The deviation works took place from 23 January to 14 April 2006. The actions undertaken included the following: (i) the opening of a new mouth southward (Figure 3c), at the same point where the mouth was located in the 1970s (see Figure 1a); (ii) the closing of the existing mouth with the sand derived from the excavation of the new mouth; and (iii) the reconstruction of the eroded dune to protect the pine forest (Figure 3c). The sand volumes available from dredging were in the order of 25,000 m3 [74] and the reconstructed dune was designed to be properly integrated in the natural context and therefore connected with the dunes in the north. The dredged sand was mainly used to fill the old mouth (Figure 1c) and was also redistributed along the former sand spit. The newly formed dune elevation ranged around 1–1.5 m above m.s.l. [75], reaching 2 m only in the southernmost portion of the study area, next to the new mouth, and in the northernmost part corresponding to the old mouth area. The new dune was also protected with wind fences to favour sediment trapping. It was decided to avoid the removal of wood debris from the breach to protect the dunes from erosion and to stimulate possible embryo dune development. Two plant species were collected in nature, reproduced in a nursery and planted. The Agropyron junceum was one of the chosen species. This plant, which anchors the sand with its long horizontal rhizomes, creates a much greater obstacle to the wind than the sparse Cakiletum, allowing the formation of “embryonic dunes”. The second species was Ammophila littoralis, which dominates the plant community of the Ammophiletum and plays a crucial role in dune building [67,68]. This intervention also aimed at developing a protocol for dune revegetation that could be applied to other coastal sites in the region. Post-implant monitoring was carried out between November 2006 and April 2009 [76]. Both species showed good vegetative activity starting from April 2007. Finally, the new dredged mouth was consolidated at a fixed position using wood poles and geotextiles that were placed on the left bank of the outlet to halt northward river migration (Figure 4a). The abandoned portion of the lowest Bevano reach was connected to the sea through a spillway that allowed tidal exchange with the river, maintaining satisfactory water quality inside the system (Figure 4b,c).

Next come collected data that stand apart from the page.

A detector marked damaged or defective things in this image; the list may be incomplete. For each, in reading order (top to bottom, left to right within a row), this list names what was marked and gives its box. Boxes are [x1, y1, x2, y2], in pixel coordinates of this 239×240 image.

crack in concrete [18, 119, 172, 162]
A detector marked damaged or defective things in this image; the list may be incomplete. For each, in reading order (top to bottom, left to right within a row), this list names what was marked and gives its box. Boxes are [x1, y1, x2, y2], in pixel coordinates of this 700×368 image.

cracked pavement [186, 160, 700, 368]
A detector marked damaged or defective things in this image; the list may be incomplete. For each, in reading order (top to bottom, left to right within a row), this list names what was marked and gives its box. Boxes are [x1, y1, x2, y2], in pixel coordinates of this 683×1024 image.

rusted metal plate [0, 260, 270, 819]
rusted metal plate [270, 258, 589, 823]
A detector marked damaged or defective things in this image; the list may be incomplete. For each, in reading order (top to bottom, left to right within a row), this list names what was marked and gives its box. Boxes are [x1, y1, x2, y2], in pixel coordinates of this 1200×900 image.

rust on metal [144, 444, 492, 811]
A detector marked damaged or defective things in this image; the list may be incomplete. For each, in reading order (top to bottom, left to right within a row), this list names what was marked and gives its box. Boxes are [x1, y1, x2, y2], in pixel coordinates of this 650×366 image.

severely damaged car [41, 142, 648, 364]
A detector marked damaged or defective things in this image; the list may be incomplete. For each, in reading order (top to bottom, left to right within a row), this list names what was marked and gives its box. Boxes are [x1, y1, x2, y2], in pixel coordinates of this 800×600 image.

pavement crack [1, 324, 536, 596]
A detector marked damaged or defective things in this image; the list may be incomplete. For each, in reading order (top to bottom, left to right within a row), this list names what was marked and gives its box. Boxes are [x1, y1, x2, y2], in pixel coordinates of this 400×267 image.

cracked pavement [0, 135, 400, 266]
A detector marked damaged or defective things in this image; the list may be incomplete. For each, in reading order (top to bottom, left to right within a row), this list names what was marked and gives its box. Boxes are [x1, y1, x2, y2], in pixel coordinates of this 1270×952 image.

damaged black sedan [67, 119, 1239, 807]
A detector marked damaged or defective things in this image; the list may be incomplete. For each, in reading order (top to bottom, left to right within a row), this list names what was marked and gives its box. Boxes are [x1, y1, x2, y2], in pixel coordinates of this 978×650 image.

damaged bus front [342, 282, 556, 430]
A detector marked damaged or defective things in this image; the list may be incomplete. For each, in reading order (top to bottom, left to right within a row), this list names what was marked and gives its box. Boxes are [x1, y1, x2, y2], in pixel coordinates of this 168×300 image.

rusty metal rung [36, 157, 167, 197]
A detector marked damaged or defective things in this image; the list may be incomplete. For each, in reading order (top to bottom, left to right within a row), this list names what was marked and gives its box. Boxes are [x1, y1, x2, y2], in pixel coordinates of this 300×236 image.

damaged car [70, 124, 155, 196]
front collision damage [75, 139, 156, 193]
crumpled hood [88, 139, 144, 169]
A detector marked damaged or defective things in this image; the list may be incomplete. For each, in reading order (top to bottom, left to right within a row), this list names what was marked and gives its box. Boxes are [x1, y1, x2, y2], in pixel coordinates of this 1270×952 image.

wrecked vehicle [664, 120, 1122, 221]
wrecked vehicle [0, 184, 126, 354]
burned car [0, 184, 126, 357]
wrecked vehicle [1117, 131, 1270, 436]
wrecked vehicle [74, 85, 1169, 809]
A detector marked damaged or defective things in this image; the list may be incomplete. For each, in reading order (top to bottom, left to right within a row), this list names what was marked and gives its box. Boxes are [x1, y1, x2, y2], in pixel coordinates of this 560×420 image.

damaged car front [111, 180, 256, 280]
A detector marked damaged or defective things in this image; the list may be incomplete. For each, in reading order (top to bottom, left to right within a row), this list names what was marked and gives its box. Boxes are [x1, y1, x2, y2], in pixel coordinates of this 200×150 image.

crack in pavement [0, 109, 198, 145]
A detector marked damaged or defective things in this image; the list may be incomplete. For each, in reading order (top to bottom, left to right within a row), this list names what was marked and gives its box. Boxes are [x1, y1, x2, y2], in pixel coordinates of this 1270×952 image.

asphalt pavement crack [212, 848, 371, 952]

2.3. Washover Fans’ Initial Formation and Development

After the intervention of 2006, several overwash events occurred and many washover fans formed (see Figure 5 in the next section). Sedrati et al. (2011) [77] highlighted that the first significant overwash event occurred in December 2008, marking the beginning of notable morphological changes. This event was characterised by a high-tide level of 0.93 m, and an offshore significant wave height of 1.45 m. The overwash caused significant damage to wind fences and dune vegetation, with the formation of 11 washover fans and throats (defined as gaps in the barrier/dune crest through which the overwash funnels and spreads laterally on the back barrier [23]). The largest washover fan produced a landward migration of the back-barrier limit of about 9 m. The overwash development, triggered by the 1 December 2008 storm, continued through subsequent storms in the following years.

3. Materials and Methods

3.1. Data Preparation (Pre-Processing)

Three Digital Terrain Models (DTMs) with a resolution of 1 × 1 m provided by RER (Regione Emilia-Romagna) were used in this study: (i) September 2004, (ii) July 2012, and (iii) February 2019 (Figure 5).
Sh and Sh_in shorelines were defined as continuous contour lines identified in all DTMs [78,79] corresponding to the average neap high-tide level (tidal datum-based shorelines [80]). Since the water body located behind the barrier has a different water level compared to the sea level, two different contour lines were chosen: (i) a contour line of 0.3 m above m.s.l. for the seaward side and (ii) a contour line of 0.2 m above m.s.l. for the inner contour. The DTMs were cropped based on the identified shorelines. Several images provided by AGEA (Agenzia per le Erogazioni in Agricoltura), RER, and Google Earth (Landsat/Copernicus) were used to support the analyses and give a better context to the processes that occurred after the intervention. All the details of the images and the DTMs are listed in Table 1.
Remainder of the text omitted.